Trump Accepts Pelosi’s Invitation to Deliver SOTU despite Impeachment
By Staff, Agencies
US President Donald Trump accepted an invitation from House Speaker Nancy Pelosi to deliver his annual State of the Union address to a joint meeting of Congress, two days after she oversaw his impeachment.
The Feb. 4 speech may fall in the middle of Trump’s Senate trial for high crimes and misdemeanors, or it may give Senate Majority Leader Mitch McConnell extra incentive to wrap up the proceedings.
McConnell, Pelosi and Senate Minority Leader Chuck Schumer are wrangling over the contours of the trial, its length and whether witnesses will be called.
Pelosi’s invitation reflects the political reality that the chances Trump will be removed from office by the Republican-controlled Senate, either by February or later, are remote.
“In their great wisdom, our founders crafted a Constitution based on a system of separation of powers: three co-equal branches acting as checks on each other,” Pelosi said in her letter to Trump on Friday.
“In the spirit of respecting our Constitution, I invite you to deliver your State of the Union address before a joint session of Congress on Tuesday, Feb. 4, 2020, in the chamber of the House of Representatives,” Pelosi wrote.

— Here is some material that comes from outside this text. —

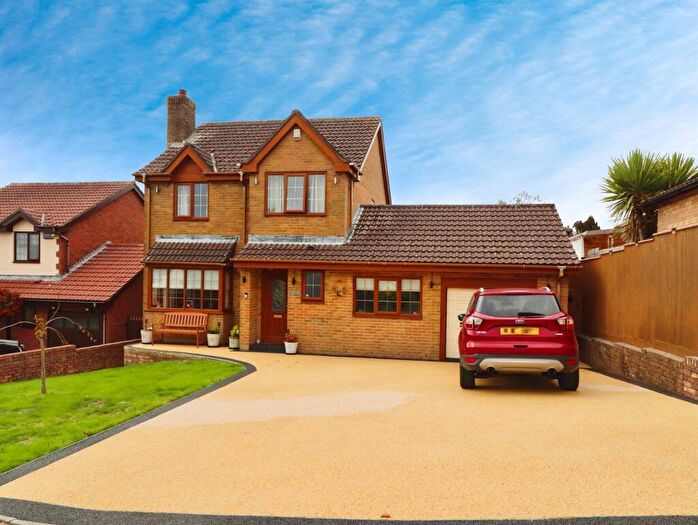 5 Bedroom Detached House For Sale In Priory Gardens, Barry, CF63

In a scathing letter to Pelosi on Tuesday, Trump said that “do-nothing” Democrats were committing an unconstitutional abuse of power in impeaching him.
“More due process was afforded to those accused in the Salem witch trials,” Trump wrote.
The State of the Union will put Trump in the same room with the House Democrats who made him the third president to be impeached in US history.
A State of the Union address during an impeachment trial is not without precedent. In 1999, President Bill Clinton gave his address during his Senate impeachment trial.